Harvard Medical School assistant professor Paul M. Copeland routinely gives about a dozen industry-sponsored talks each year, earning anywhere from $1,250 to $2,000 per gig.
Copeland, who heads the endocrinology division at Partners Healthcare-affiliate North Shore Medical Center, says he isn’t in it for the money.
These information sessions—or “talks for docs”—improve patient care, he says, and all the material he presents has been approved by the Food and Drug Administration.
But due to a new Partners policy announced last April, Copeland cannot register for the 2010 speaking cycle.
Partners Healthcare, which owns Harvard-affiliates Mass. General Hospital and Brigham and Women’s Hospital, recently overhauled its conflict of interest policy, which proponents hail as one of the strictest in the nation.
Under the revised policy, Partners employees face a host of restrictions, including bans on speaking at industry-sponsored events and receiving stock options from pharmaceutical companies. Outside pay for senior officials sitting on boards of drug or medical device-making companies has been capped as well.
Though many regard the new policy as a much-needed check on industry ties to medicine—an issue that has received heightened national scrutiny in recent years—some Partners employees caution that the new restrictions may be too broad and could ultimately stifle essential physician activity.
For example, continuing medical education talks sponsored by drug companies, Copeland argues, provide doctors with the latest information on treatments and address patient care issues.

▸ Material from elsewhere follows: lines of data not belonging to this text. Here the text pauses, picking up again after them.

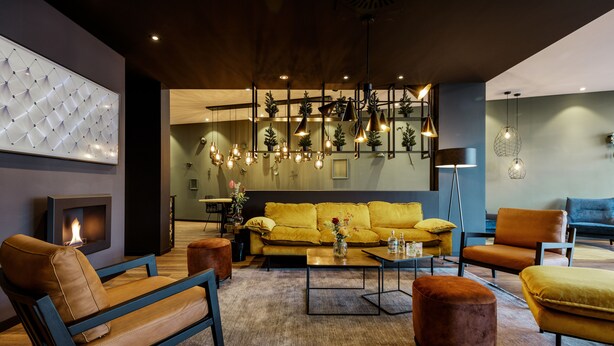 Un salon moderne comprenant un canapé, des fauteuils, une table basse et une cheminée.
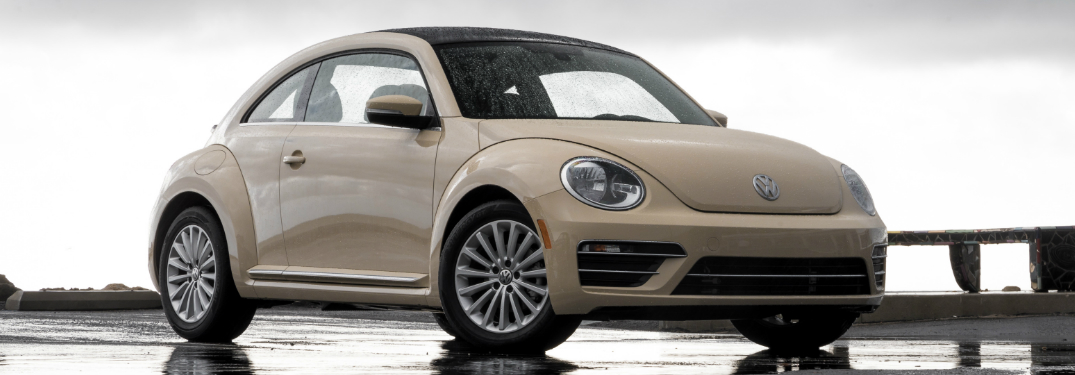Side view of cream-colored 2019 Volkswagen Beetle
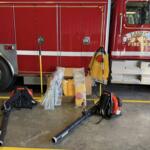 Red Lake City fire truck side with equipment on the floor in front, hoses, and tool bags scattered nearby inside a fire station bay.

“If the talks are well done, you educate physicians about the proper role of medications,” Copeland says, adding that he regularly fields an hour’s worth of questions from doctors who attend his talks about case studies and alternative treatments.
“Patients and doctors benefit from these talks,” Copeland says. “That’s why it’s so disheartening.”
LONG IN THE WORKS
In the fall of 2007, Partners Healthcare embarked on a conflict of interest review to better define the relationship between industry and medicine as well as strengthen oversight of physician activity with drug companies.
Conflict of interest issues gained national attention the following year, when Senator Charles E. Grassley, an Iowa Republican and the ranking member of the Senate Finance Committee, alleged that Mass. General psychiatrist Joseph Biederman received $1.6 million in consulting and speaking fees from the makers of drugs that he used to treat children for bipolar disorders.
As Grassley charged other prominent physicians across the nation with similar allegations, many medical institutions looked to revamp existing policies in the face of national scrutiny.
Harvard Medical School began a review of its own conflict of interest policy in Jan. 2009 in conjunction with Harvard’s currently ongoing efforts to develop University-wide recommendations and guidelines.